Many natural and processed foods consist either partly or wholly as emulsions or have been in an emulsified state at some time during their production; such foods include milk, cream, butter, margarine, fruit beverages, soups, cake batters, mayonnaise, cream liqueurs, sauces, desserts, salad cream, ice cream, and coffee whitener (Friberg and Larsson 1997, Krog et al. 1983, Jaynes 1983, Dickinson and Stainsby 1982, Dickinson 1992, Swaisgood 1996). Emulsion-based food products exhibit a wide variety of different physicochemical and organoleptic characteristics, such as appearance, aroma, texture, taste, and shelf life. For example, milk is a low-viscosity white fluid, strawberry yogurt is a pink viscoelastic gel, and margarine is a yellow semisolid. This diversity is the result of the different sorts of ingredients and processing conditions used to create each type of product. The manufacture of an emulsion-based food product with specific quality attributes depends on the selection of the most appropriate raw materials (e.g., water, oil, emulsifiers, thickening agents, minerals, acids, bases, vitamins, flavors, colorants, etc.) and processing conditions (e.g., mixing, homogeni-zation, pasteurization, sterilization, etc.).

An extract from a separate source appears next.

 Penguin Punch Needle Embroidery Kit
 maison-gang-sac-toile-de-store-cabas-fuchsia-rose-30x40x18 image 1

Traditionally, the food industry largely relied on craft and tradition for the formulation of food products and the establishment of processing and storage conditions. This approach is unsuitable for the modern food industry, which must rapidly respond to changes in consumer preferences for a greater variety of cheaper, healthier, and more convenient foods (Sloan 1994, 1996; Katz 1997). In addition, the modern food industry relies increasingly on large-scale production operations to produce vast quantities of foods at relatively low cost. The development of new foods, the improvement of existing foods, and the efficient running of food-processing operations require a more systematic and rigorous approach than was used previously (Hollingsworth 1995).

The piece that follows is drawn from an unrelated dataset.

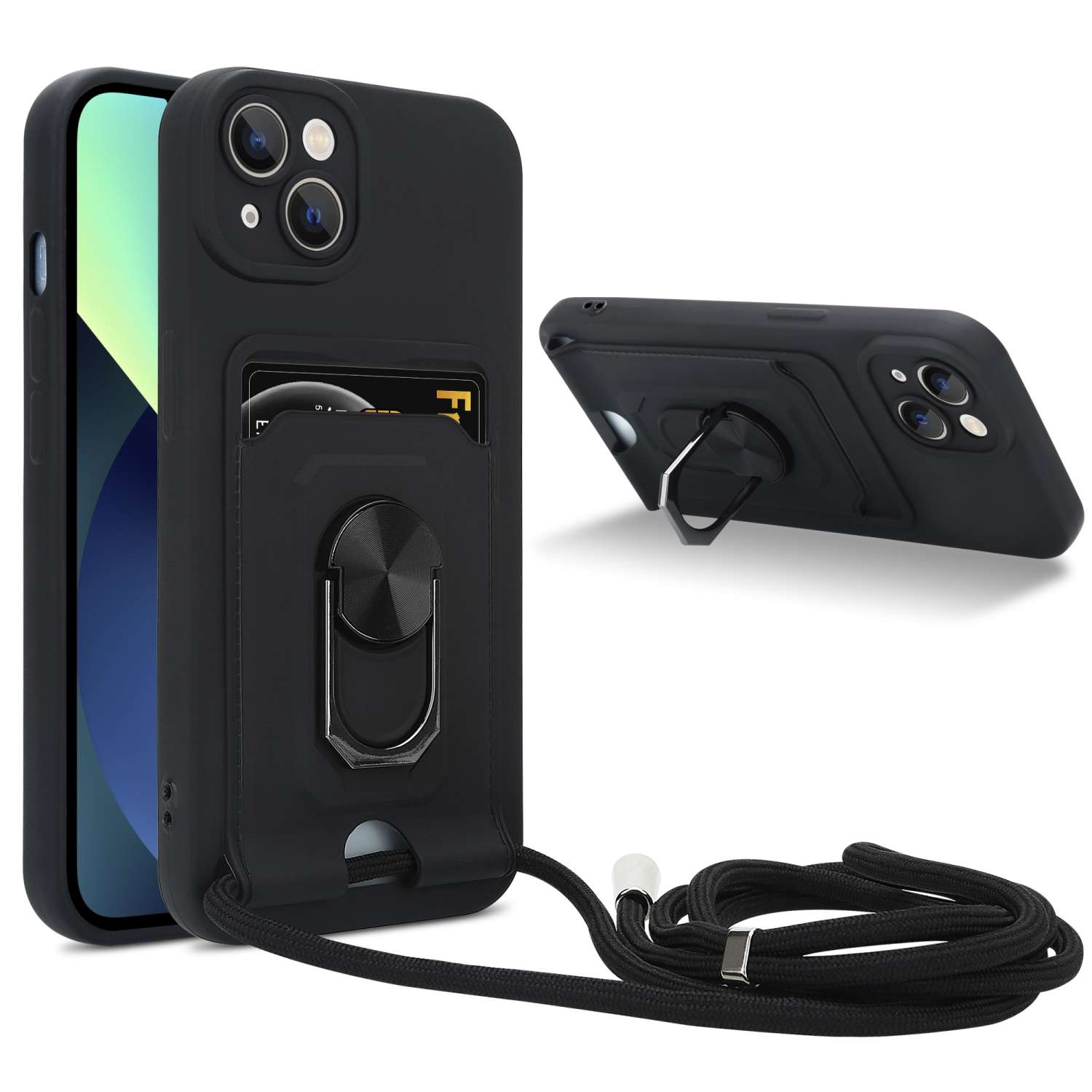 Foonary Cover con Cordino per Apple iPhone 14 Pro Max 6,7, Custodia con Laccio Collana Tracolla Aesthetic Disegni Silicone Necklace Regolabile Protettiva Corda Case per iPhone 14 Pro Max, Leopardata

Two areas which have been identified as being of particular importance to the improvement of food products are:
1. Enhanced scientific understanding of food properties. An improved understanding of the factors that determine the bulk physicochemical and organoleptic properties of emulsions will enable manufacturers to create low-cost high-quality food products in a more systematic and reliable fashion (Kokini et al. 1993, Rizvi et al. 1993).
2. Development of new analytical techniques to characterize food properties. The development and application of new analytical techniques to characterize the properties of emulsions are leading to considerable advances in research, development, and quality control (Dickinson 1995a,b; Gaonkar 1995). These techniques are used in the laboratory to enhance our understanding of the factors which determine the properties of foods and in the factory to monitor the properties of foods during processing in order to ensure that they meet the required quality specifications.
Emulsion science is a multidisciplinary subject that combines chemistry, physics, and engineering (Sherman 1968a; Becher 1957, 1983; Hiemenz 1986; Hunter 1986, 1989, 1993; Evans and Wennerstrom 1994). The aim of the emulsion scientist working in the food industry is to utilize the principles and techniques of emulsion science to enhance the quality of the food supply and the efficiency of food production. This book presents the conceptual and theoretical framework required by food scientists to understand and control the properties of emulsion-based food products.
1.2. GENERAL CHARACTERISTICS OF FOOD EMULSIONS 1.2.1. Definitions
An emulsion consists of two immiscible liquids (usually oil and water), with one of the liquids dispersed as small spherical droplets in the other (Figure 1.1). In most foods, the diameters of the droplets usually lie somewhere between 0.1 and 100 (Dickinson and Stainsby 1982; Dickinson 1992; Walstra 1996a,b). Emulsions can be conveniently classified according to the distribution of the oil and aqueous phases. A system which consists of oil droplets dispersed in an aqueous phase is called an oil-in-water or O/W emulsion (e.g., mayonnaise, milk, cream, soups, and sauces). A system which consists of water droplets dispersed in an oil phase is called a water-in-oil or W/O emulsion (e.g., margarine, butter, and
spreads). The substance that makes up the droplets in an emulsion is referred to as the dispersed or internal phase, whereas the substance that makes up the surrounding liquid is called the continuous or external phase. It is also possible to prepare multiple emulsions of the oil-in-water-in-oil (O/W/O) or water-in-oil-in-water (W/O/W) type (Dickinson and McClements 1995). For example, a W/O/W emulsion consists of water droplets dispersed within larger oil droplets, which are themselves dispersed in an aqueous continuous phase (Evison et al. 1995). Recently, research has been carried out to create stable multiple emulsions which can be used to control the release of certain ingredients, reduce the total fat content of emulsion-based food products, or isolate one ingredient from another (Dickinson and McClements 1995).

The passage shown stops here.